The autopilot pattern automates in code the repetitive and boring operational tasks of an application, including startup, shutdown, scaling, and recovery from anticipated failure conditions for reliability, ease of use, and improved productivity.
- Why do we need to do this?
- Who is this for?
- How do we do it?
- How does this differ from previous approaches to automation?
- How does this differ from scheduler-backed container automation?
- What infrastructure do we need to do this?
- Example apps using this pattern
Why do we need to do this?
We need to make the applications not yet developed and those we already have easier to build, test, deploy, and scale. Consider the applications we see in science fiction and in our devops dreams:
- Apps that can be deployed and scaled with a single click.
- Apps and workflows that can be tested and automated in CI/CD.
- Apps and workflows that work the same on our laptops as in the cloud (public and private cloud).
- Apps and workflows that aren‘t married to any specific infrastructure or scheduler.
Applications like this have been possible for years, but they‘re still rare. However, modern tools and infrastructure, as well as repeatable patterns are emerging to make these applications easy to build and available to all, regardless of scale.
By starting with a pattern that automates application operations where we develop: on our laptops or other location of the developer‘s choice, we can gain the ability to scale in production and automate testing and deployment in a way that accelerates development and eliminates the pain we often experience in turning our application dreams into a production reality.
Consider the benefits of the autopilot pattern:
- Easy deploys and scaling.
- We’ve automated the boring stuff, use time you save with that however you want.
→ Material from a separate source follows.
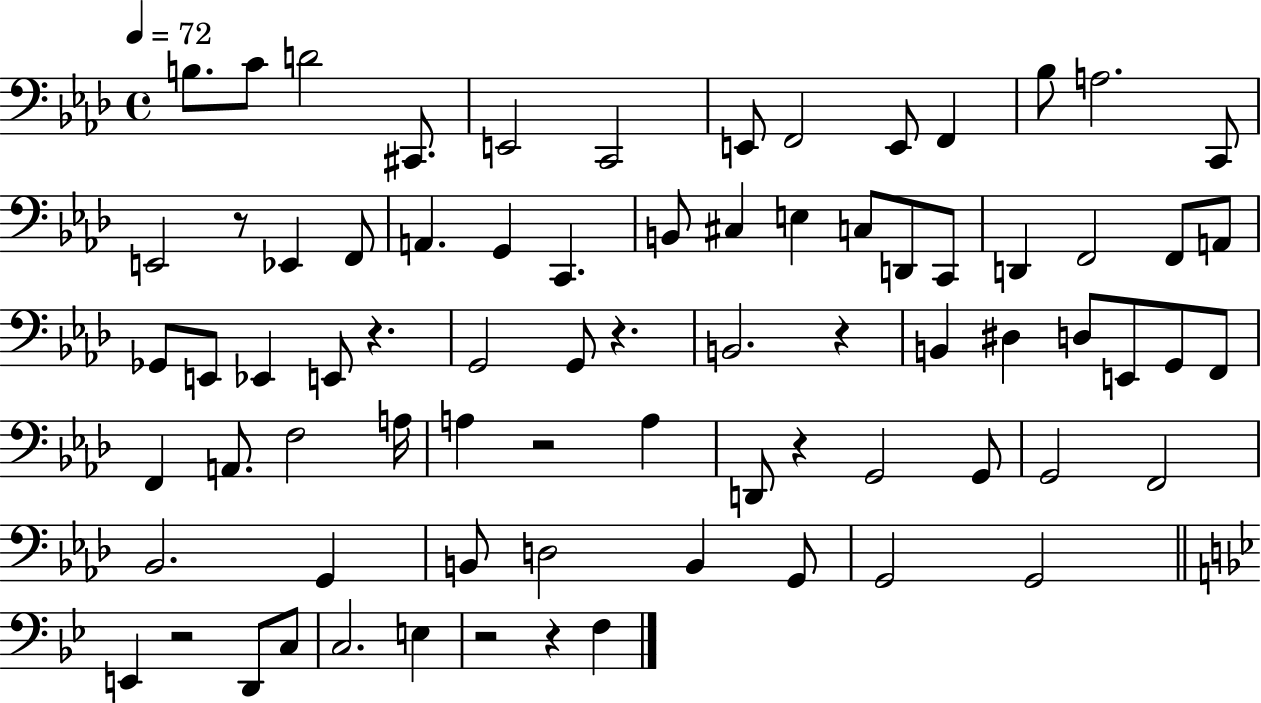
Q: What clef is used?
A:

- By automating those operational tasks in code, we’ve made the app self-documenting.
- And by keeping that automation code in the same repo with the application, we’ve increased visibility and the opportunity for participation to all.
- Most importantly, however, these apps work the same on our laptops as in the cloud.
Who is this for?
The autopilot pattern is for both developers and operators. It‘s designed to be easy enough to use that we can use it early in development but robust enough to work at the largest scale we can imagine for our apps.
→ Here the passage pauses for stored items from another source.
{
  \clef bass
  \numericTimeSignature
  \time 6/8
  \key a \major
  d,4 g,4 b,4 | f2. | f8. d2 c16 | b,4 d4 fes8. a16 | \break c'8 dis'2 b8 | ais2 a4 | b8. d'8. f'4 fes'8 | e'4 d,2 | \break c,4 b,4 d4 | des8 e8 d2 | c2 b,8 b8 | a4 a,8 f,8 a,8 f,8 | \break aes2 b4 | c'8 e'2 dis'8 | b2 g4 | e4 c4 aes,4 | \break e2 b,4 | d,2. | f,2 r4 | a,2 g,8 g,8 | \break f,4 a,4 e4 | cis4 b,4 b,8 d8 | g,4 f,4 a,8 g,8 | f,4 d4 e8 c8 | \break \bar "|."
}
The autopilot pattern is for solo developers, startups, and large enterprises. It‘s for operators that want to bring sanity to their lives and for developers who want to make their apps easy to use. It‘s for microservices applications with dozens of components, it‘s for tiered applications, it even works with applications that run in a single container. It‘s for people building apps for distribution and re-use, and for in-house teams working on apps that will never leave the organization.
The autopilot pattern is ideal for:
- Developers who want to work on their laptops, on a plane, without needing internet access.
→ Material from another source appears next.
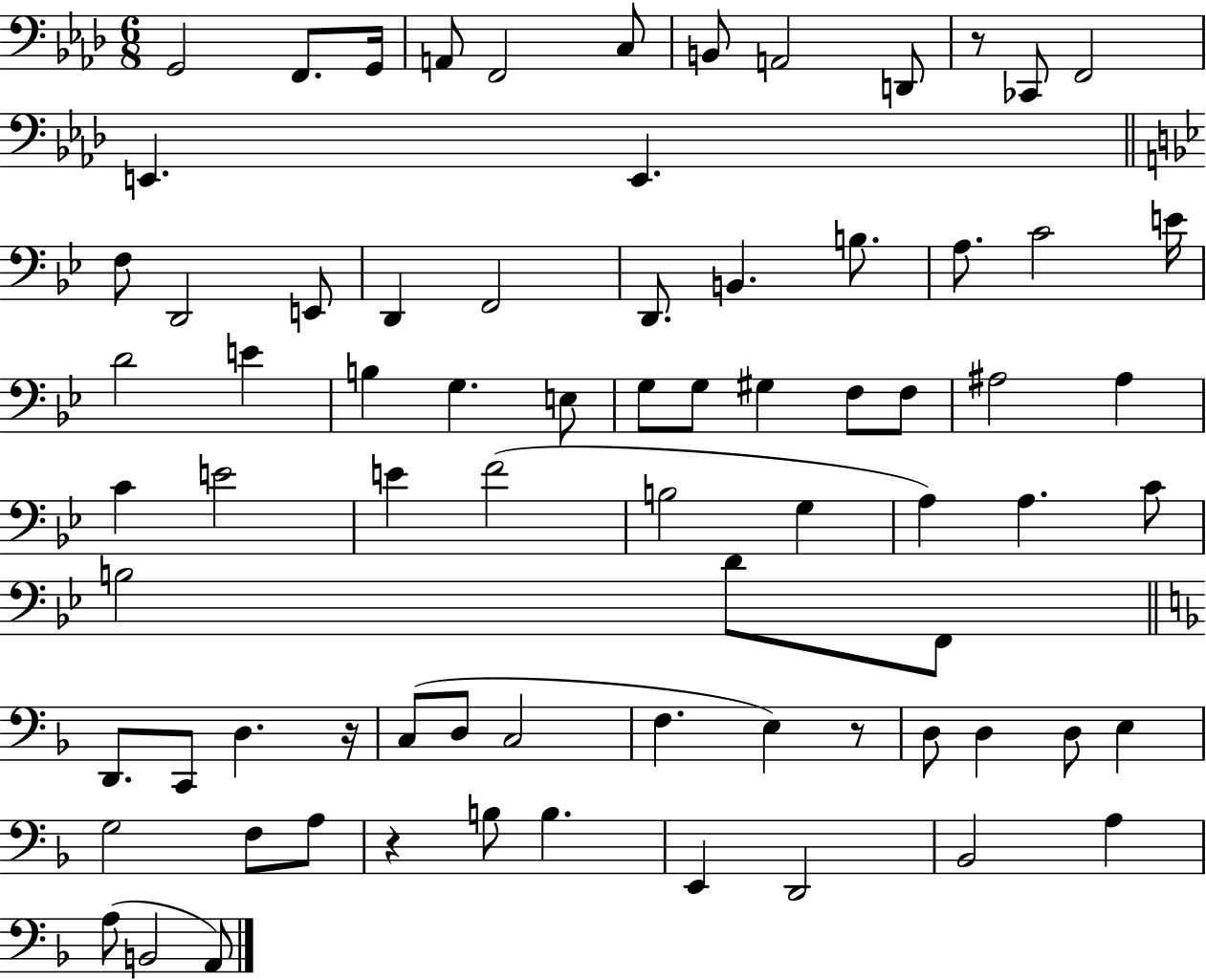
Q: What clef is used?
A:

- Operators who want to deploy in public or private clouds.
- Site reliability engineers who want automated and repeatable workflows from development to deploy.
- Startups and enterprises that want *aaS convenience without *aaS lock-in.
- Applications running in a single container.
- Tiered, traditional applications.
- Microservices applications with any number of components.
Most importantly, it‘s designed to live and grow with our apps at all stages of development and operations.
How do we do it?
The autopilot pattern automates the lifecycle of each component of the application. Whether we architect our application as a single container, in tiers, or as microservices, each container that makes up the application has its own lifecycle, and its own set of actions that are necessary during that lifecycle. Each of these application components are often applications in themselves, like a database server, in-memory cache, or the reverse proxy that fronts our application, in addition to the Node.js, Python, Ruby, or other code that makes the set of components a complete application.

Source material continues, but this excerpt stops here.